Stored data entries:

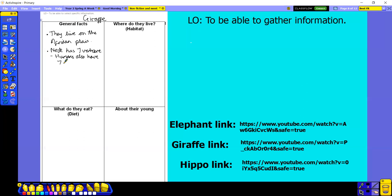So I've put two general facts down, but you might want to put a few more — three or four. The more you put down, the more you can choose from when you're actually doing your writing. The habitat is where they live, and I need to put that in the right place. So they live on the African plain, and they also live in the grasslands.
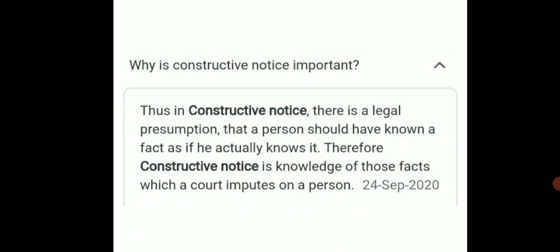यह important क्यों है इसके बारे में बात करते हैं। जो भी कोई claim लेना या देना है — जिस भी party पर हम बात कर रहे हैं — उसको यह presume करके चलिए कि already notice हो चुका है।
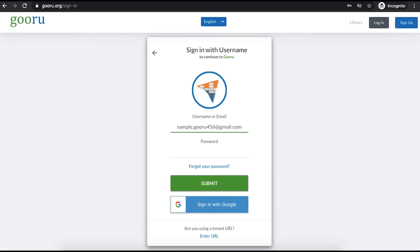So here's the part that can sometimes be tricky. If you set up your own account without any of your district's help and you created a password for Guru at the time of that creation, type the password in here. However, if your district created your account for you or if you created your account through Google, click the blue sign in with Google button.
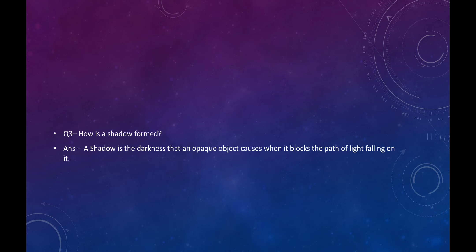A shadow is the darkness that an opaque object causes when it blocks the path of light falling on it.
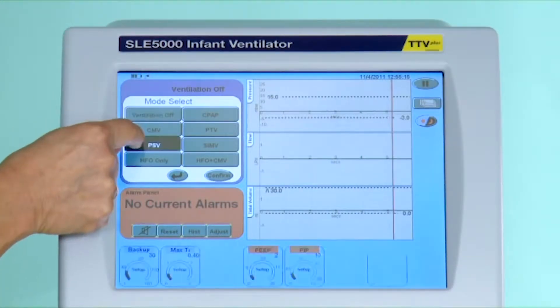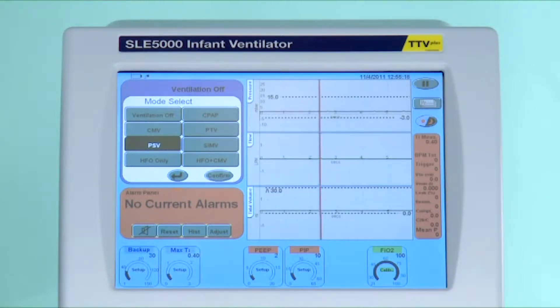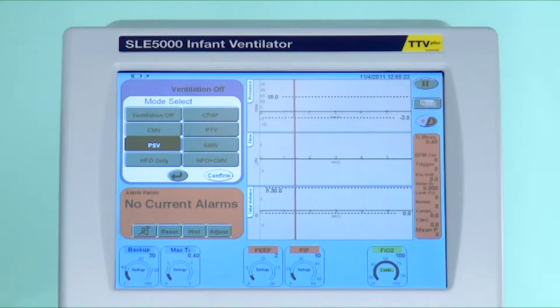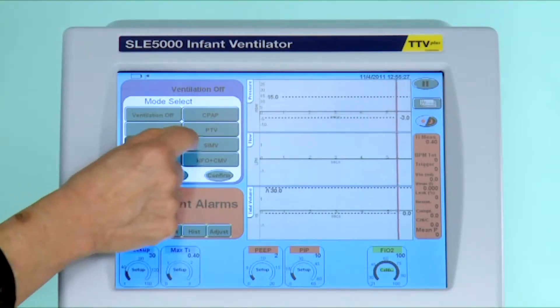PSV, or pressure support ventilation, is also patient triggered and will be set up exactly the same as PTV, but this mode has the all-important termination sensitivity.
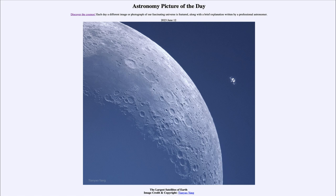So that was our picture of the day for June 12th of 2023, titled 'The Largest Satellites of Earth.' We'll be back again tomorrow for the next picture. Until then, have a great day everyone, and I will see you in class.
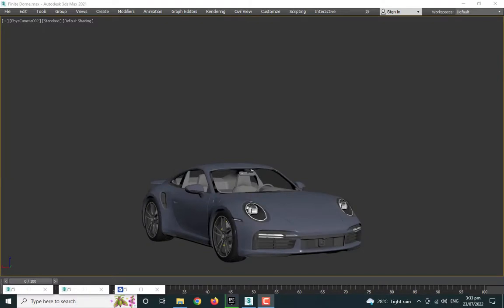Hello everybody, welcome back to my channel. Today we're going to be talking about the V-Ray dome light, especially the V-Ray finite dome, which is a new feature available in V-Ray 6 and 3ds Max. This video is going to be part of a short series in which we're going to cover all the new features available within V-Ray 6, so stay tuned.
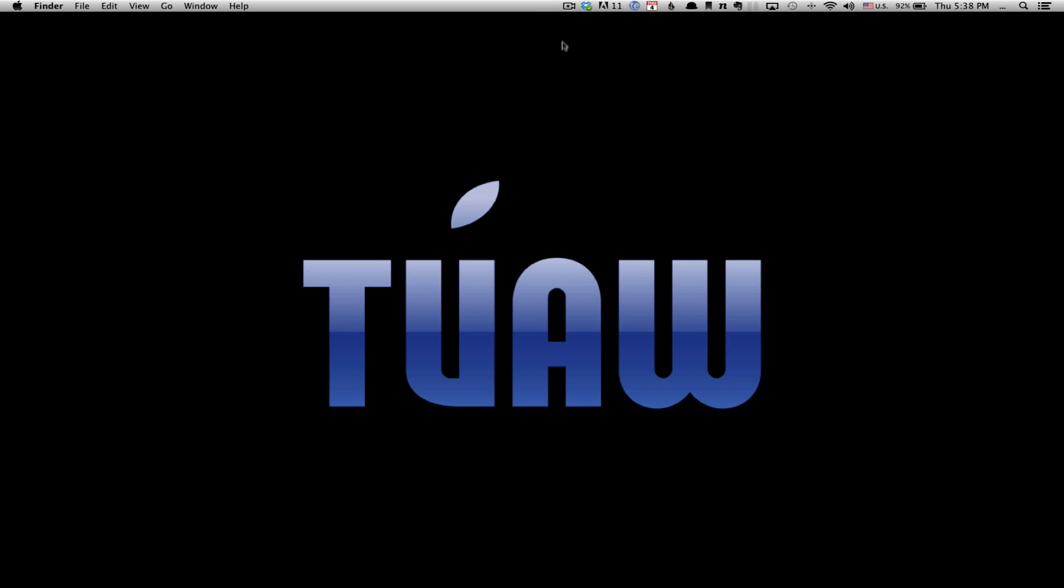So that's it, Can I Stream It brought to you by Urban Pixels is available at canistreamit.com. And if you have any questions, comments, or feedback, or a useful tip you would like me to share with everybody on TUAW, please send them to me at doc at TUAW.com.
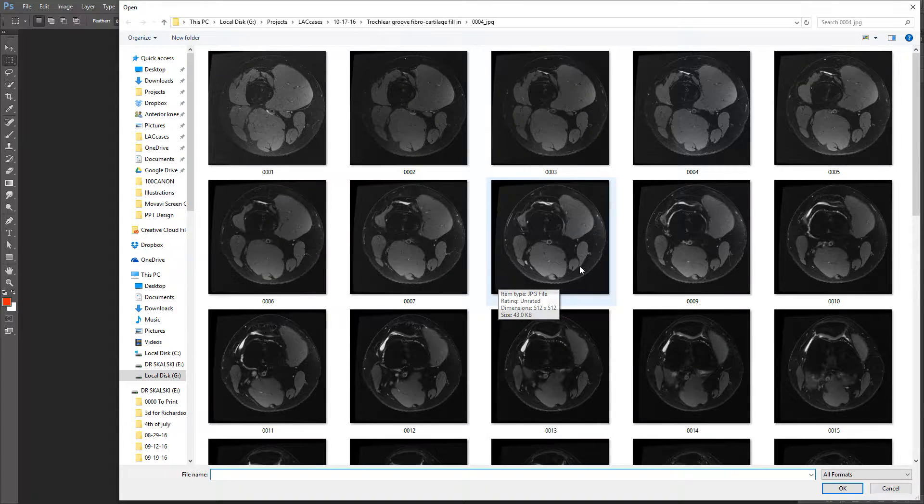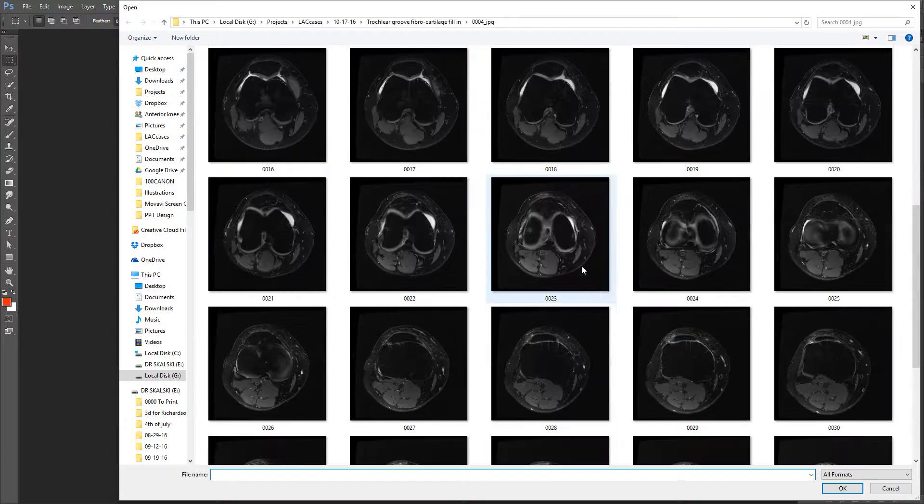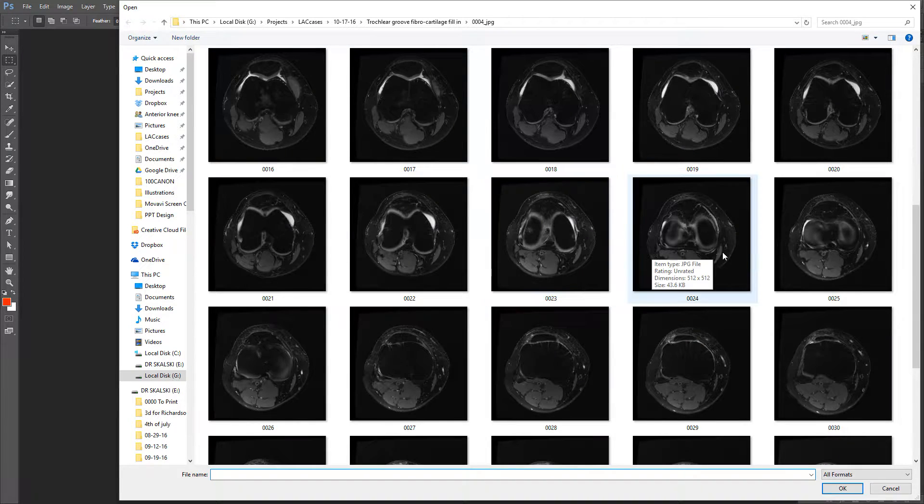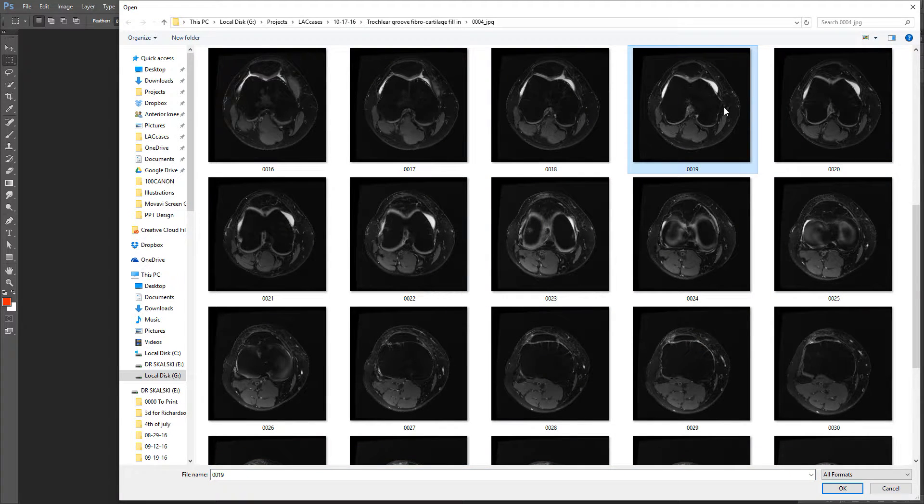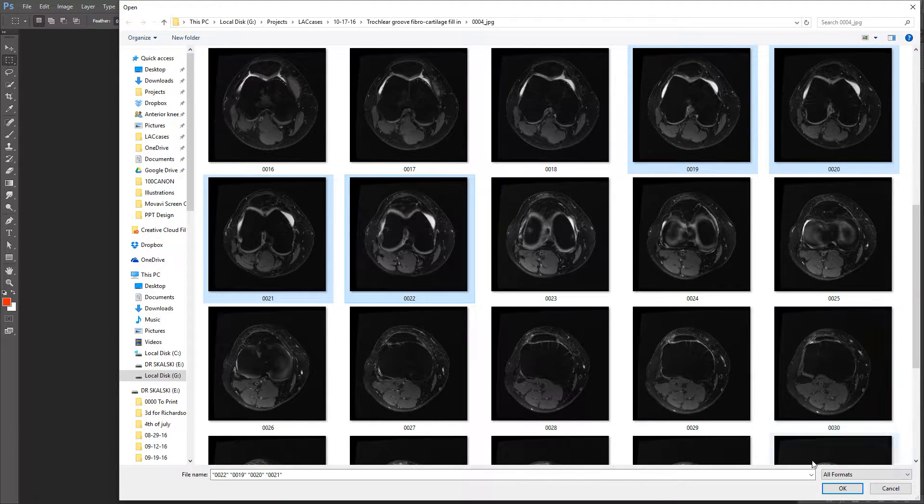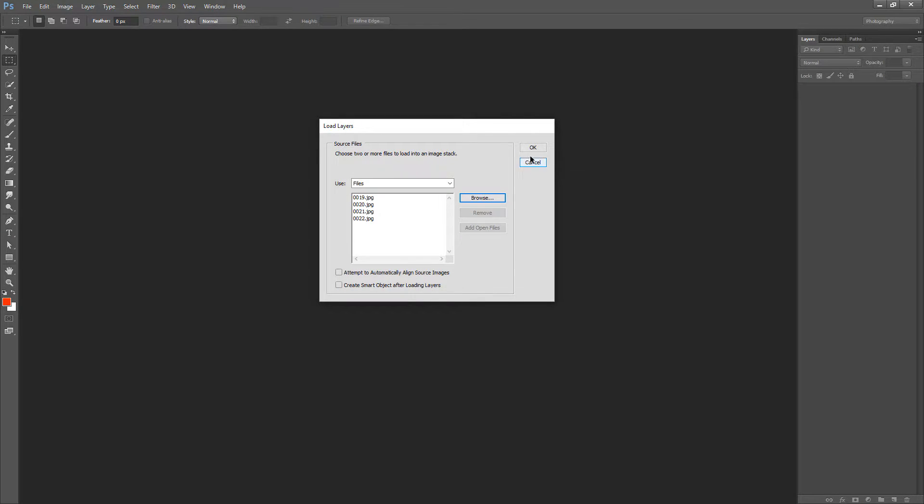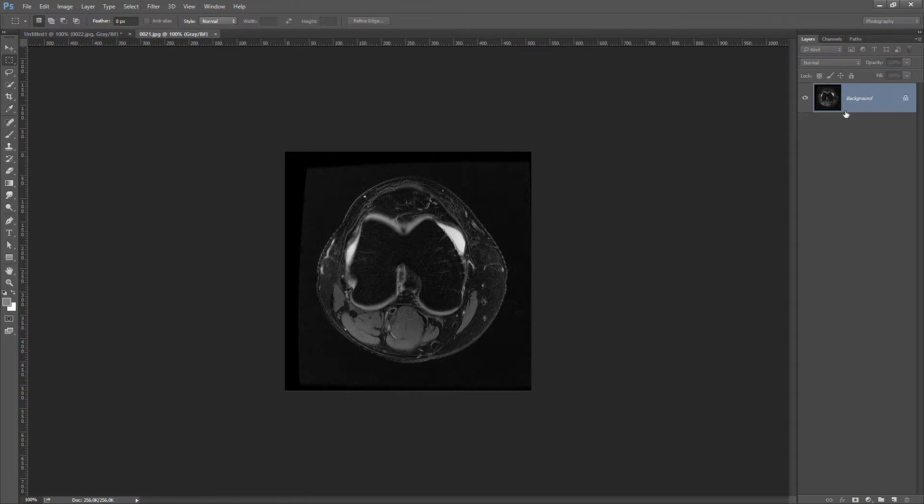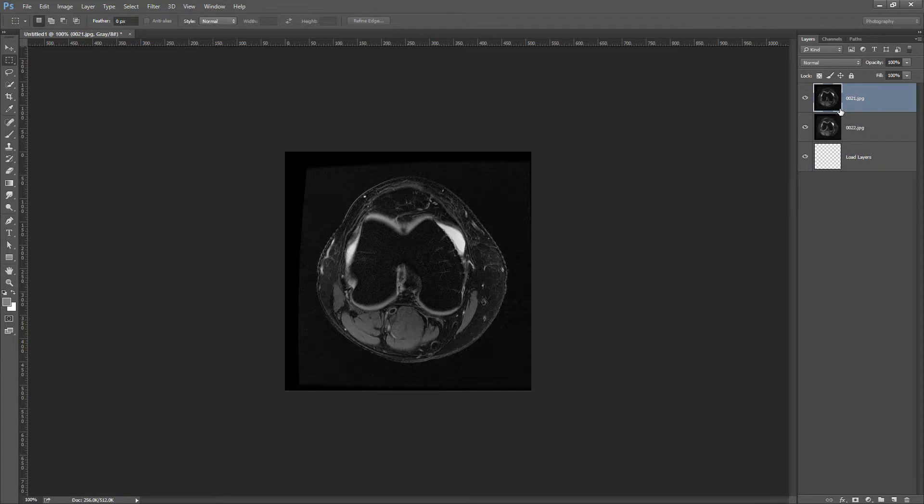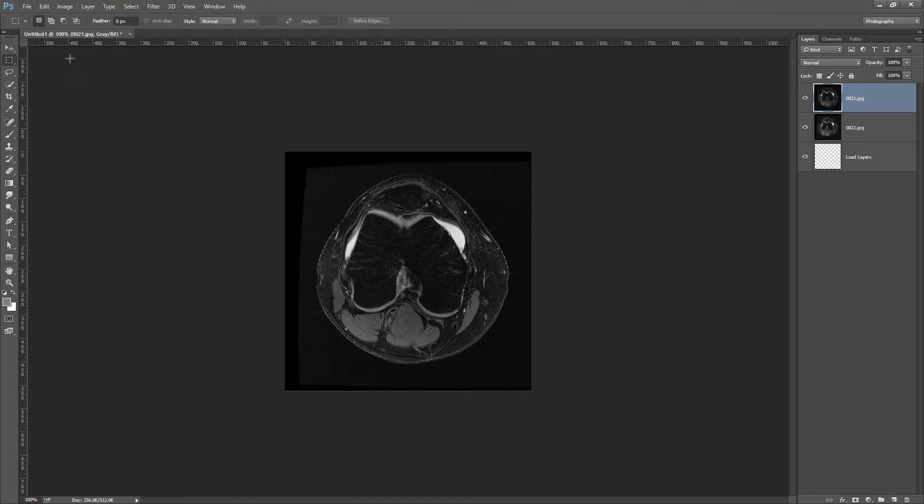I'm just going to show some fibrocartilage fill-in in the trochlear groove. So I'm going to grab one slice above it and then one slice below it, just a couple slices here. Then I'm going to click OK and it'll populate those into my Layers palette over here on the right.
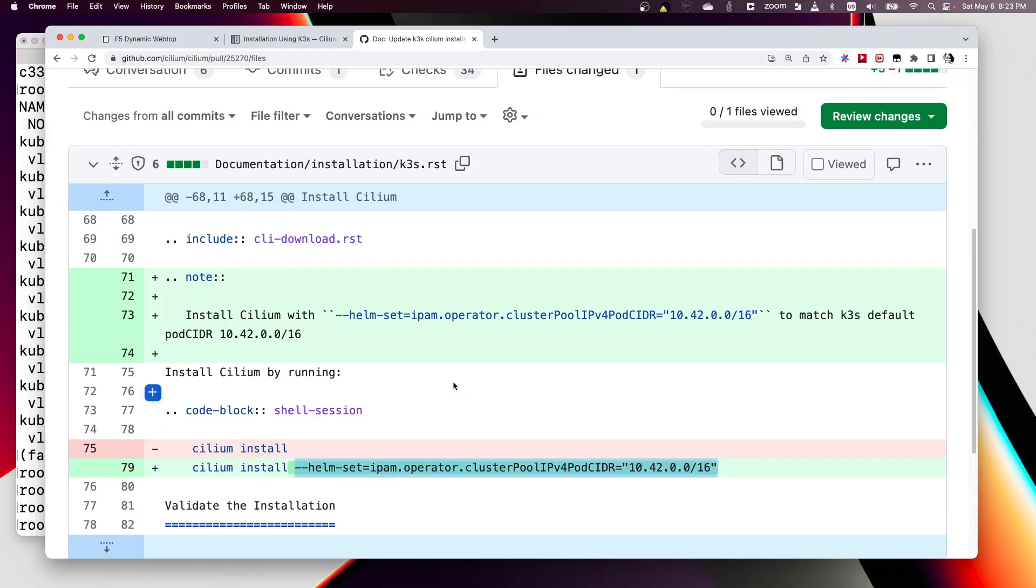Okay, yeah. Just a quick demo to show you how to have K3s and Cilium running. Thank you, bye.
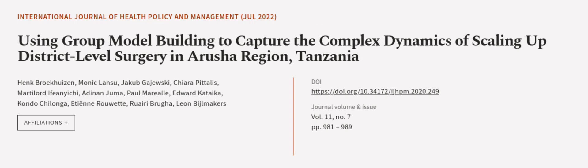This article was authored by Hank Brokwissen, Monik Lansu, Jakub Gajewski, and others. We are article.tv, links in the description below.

* _WHAT THE EXERCISE ASKS_
Give the entries above again in full and exactly, but not the pictures.

* _RESULT FOR THIS EXERCISE_
So I've put two general facts down, but you might want to put a few more — three or four. The more you put down, the more you can choose from when you're actually doing your writing. The habitat is where they live, and I need to put that in the right place. So they live on the African plain, and they also live in the grasslands.
यह important क्यों है इसके बारे में बात करते हैं। जो भी कोई claim लेना या देना है — जिस भी party पर हम बात कर रहे हैं — उसको यह presume करके चलिए कि already notice हो चुका है।
So here's the part that can sometimes be tricky. If you set up your own account without any of your district's help and you created a password for Guru at the time of that creation, type the password in here. However, if your district created your account for you or if you created your account through Google, click the blue sign in with Google button.
A shadow is the darkness that an opaque object causes when it blocks the path of light falling on it.
PSV, or pressure support ventilation, is also patient triggered and will be set up exactly the same as PTV, but this mode has the all-important termination sensitivity.
So that was our picture of the day for June 12th of 2023, titled 'The Largest Satellites of Earth.' We'll be back again tomorrow for the next picture. Until then, have a great day everyone, and I will see you in class.
Hello everybody, welcome back to my channel. Today we're going to be talking about the V-Ray dome light, especially the V-Ray finite dome, which is a new feature available in V-Ray 6 and 3ds Max. This video is going to be part of a short series in which we're going to cover all the new features available within V-Ray 6, so stay tuned.
So that's it, Can I Stream It brought to you by Urban Pixels is available at canistreamit.com. And if you have any questions, comments, or feedback, or a useful tip you would like me to share with everybody on TUAW, please send them to me at doc at TUAW.com.
I'm just going to show some fibrocartilage fill-in in the trochlear groove. So I'm going to grab one slice above it and then one slice below it, just a couple slices here. Then I'm going to click OK and it'll populate those into my Layers palette over here on the right.
Okay, yeah. Just a quick demo to show you how to have K3s and Cilium running. Thank you, bye.
This article was authored by Hank Brokwissen, Monik Lansu, Jakub Gajewski, and others. We are article.tv, links in the description below.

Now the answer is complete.